On Mon, 14 Oct 2019 13:01:52 +0100
Chris Elvidge wrote:
>On 14/10/2019 12:24, NY wrote:
>> "druck" wrote in message news:qno2oo$759$1@dont-email.me...
>>
>> On 09/10/2019 20:31, Dennis Lee Bieber wrote:
>>> > I'd updated both 3B+, 4B2G, and 4B4G to the most recent Noobs
>>> Raspbian > last week. Today I ran "sudo apt-get update/sudo apt-get
>>> upgrade" on > systems (main item: an SSL update). While the second 3B+
>>> was processing > the "upgrade" phase, I plugged in the 4B2G. I was
>>> able to run the same > update/upgrade, shutdown, swap with the 4B4G,
>>> update/upgrade (needed two > updates -- NTP had not synched the time
>>> and it rejected a repository for
>>
>> The lack of a battery-backed (or even capacitor-backed) real-time clock
>> is a nuisance if the Pi reboots and there isn't an internet connection
>> by the time the Pi needs it - if it takes longer for the router to boot
>> and establish a connection than it takes the Pi to boot. I run a
>> weather-station recording package (Cumulus) on my Pi and occasionally
>> after a power cut the Pi has booted up with the wrong time (eg 30 or so
>> minutes in the past) so I've had readings every minute marked with the
>> wrong time which leads to a graph that goes back in time (!) until NTP
>> eventually syncs the Pi's clock (*). It happens so rarely that it's not
>> worth devising my own external battery-backed RTC solution, but it's
>> annoying when I have to go in and hand-modify the times in the log files
>> and restart the software so it reads and displays them on its graphs.
>
>I have killed and disabled the systemd service fake-hwclock.service
>(systemd does a load/force at startup, which can screw the time
>abominably) and then do "fake-hwclock load" at reboot (in /etc/cron.d/)
>and run "/sbin/fake-hwclock save" as a root cron job every minute.
>
>>
>>> > being invalid [the R-Pi was using the last boot time, and the
>>> repository > was dated five days in the future ]), and shutdown...

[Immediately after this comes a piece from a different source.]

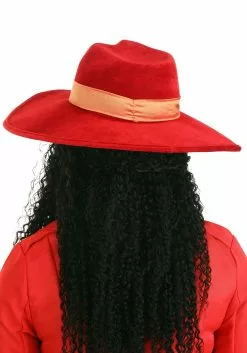 Elope Carmen Sandiego Costume Hat -Disguise Store carmen sandiego hat accessory alt 2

>>> ALL BEFORE the > 3B+ finished its upgrade of the same files.
>>> >
>>> > Either that 3B+ has a very slow SD card, or a distinct speed
>>> difference.
>>
>>> The Raspberry Pi 4's SD card reader is many times faster than on
>>> previous models.
>>
>> Have you found that access to the system drive and swap area is affected
>> by the slower SD access of the 3B+? I also use my 3B+ Pi as a PVR (a
>> video recorder) and I was impressed that the software I use (TVHeadend)
>> was able to write several overlapping programmes, including in HD, to
>> the SD card without any apparent bottleneck. I only switched to
>> recording to USB hard drive because I needed more space than on a 32 GB
>> SD card.
>>
>>
>> (*) Sometimes it has taken maybe 20-30 minutes before the timestamp of
>> the weather readings is correct - I'm not sure whether it's NTP that is
>> taking that long to set the system time correctly, or whether it's the
>> weather-station software that isn't noticing that the system time has
>> been corrected. Both times it's happened are when I haven't been around,
>> so I've been able to look at the system time (eg using the date command)
>> in the interim.
>
Just as a matter of interest, has anyone tried the devuan image for the Pi?
If so, does this startup and run better or worse than systemD distros?